Saturday, September 22, 2012

Peggy Noonan accidentally mentions the truth

While bitterly complaining about Romney's mismanaged campaign, Peggy Noonan remarks:
A campaign is a communal exercise. It isn't about individual entrepreneurs. It's people pitching in together, aiming their high talents at one single objective: victory.
And so is a country, Ms. Noonan, except the goal is survival, which is somewhat more important than victory.

Amazing, isn't it, that Republican philosophy asserts that all economic progress comes from the genius of Promethean job-creators, that without the direct oversight of these individual, singular heroes we would all starve like lemmings... but the trivial act of winning a dog-and-pony show apparently requires communism.

Nothing like watching a Reagan speech-writer throw the entire Republican philosophy under a bus just so they can win an election. Tells you what they really think is important, doesn't it?

Wednesday, September 19, 2012

Reality has a liberal bias

The whole article is well worth reading, but it is summed up here:

My old Republican worldview was flawed because it was based upon a small and particularly rosy sliver of reality.  To preserve that worldview, I had to believe that people had morally earned their “just” desserts, and I had to ignore those whining liberals who tried to point out that the world didn’t actually work that way.

Why I left the GOP

I have heard that sentiment from people who should know better; people who actually worked their way up from nothing and somehow decided that because they could, anyone can. People who acknowledge that they have been lucky - people who have literally won the lottery - and yet still feel that economic success is directly tied to personal character.

The bias of self-justification is strong. It affects all of us. Many people seem afraid to acknowledge the true strength of luck in their success, as if that would somehow cheapen its value. That, itself, is an absurd concept: there is no success, anywhere, ever, that did not depend upon a thousand factors aligning out of the blue. In the old days they knew this, and counted such luck as the favor of the gods; in our modern, secular era, we think men are gods and make their own luck - or lack of it. As little as I value the concept of gods, it was a still a superior theory than the Ayn Randian fantasy of self-creation.

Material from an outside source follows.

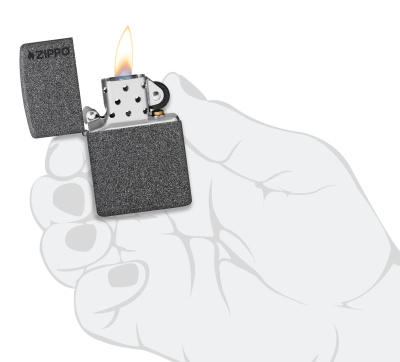 Зажигалка ZIPPO Logo с покрытием Iron Stone™, латунь/сталь, серая, матовая, 38x13x57 мм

Monday, September 17, 2012

Two years before the mast

I've been in Australia two years now. Honestly, it feels like one. Maybe time just goes slower on this side of the globe?

Saturday, September 8, 2012

The only line you need to hear from Obama's speech

"Climate change is not a hoax."

Forget all the policy, and the economics, and everything else: those are details. At the core of everything is process; details are merely a product of process. Science, for example, is a process for generating facts/details; theology, ideology, and pulling things out of your ass are other processes.

And in that one statement, in the mere fact that Obama had to even issue the statement, it is revealed in stark clarity that one political party chooses science as a process, and one does not.

Regardless of your position on any other issue, this single fact alone compels rational voters to one and only one choice.

(I feel compelled by fairness to point out that this did not use to be true; that the Republican party has a long tradition of hard-nosed rationality while the Democrats were into moonbeams and unicorns; but things have changed.)

Thursday, September 6, 2012

The only line you need to hear from Bill Clinton's speech

"Since 1961 … our private economy produced 66 million private-sector jobs. So what's the jobs score? Republicans 24 million, Democrats 42 million."

Politifact says...
Clinton’s figures check out, and they also mirror the broader results we came up with two years ago. Partisans are free to interpret these findings as they wish, but on the numbers, Clinton’s right. We rate his claim True.

Saturday, September 1, 2012

The horses won't shut up

More Republican-bashing, from Republicans:

Today’s Republicans strongly believe that individuals determine their own fates. In a Pew Research Center poll, for example, 57 percent of Republicans believe people are poor because they don’t work hard...

The fact is our destinies are shaped by social forces much more than the current G.O.P. is willing to admit. The skills that enable people to flourish are not innate but constructed by circumstances.

David Brooks

Is it fair to call it bashing when it's just the simple truth?

I would be remiss if I didn't link to this:

Paul Ryan's speech in 3 words- dazzling, deceiving, and distracting

Bobo is a well-known shill for the Republicans, so his criticism carries a sting; I don't know Sally Kohn, but her criticism appears on Fox News website, so I think that counts as a Republican source.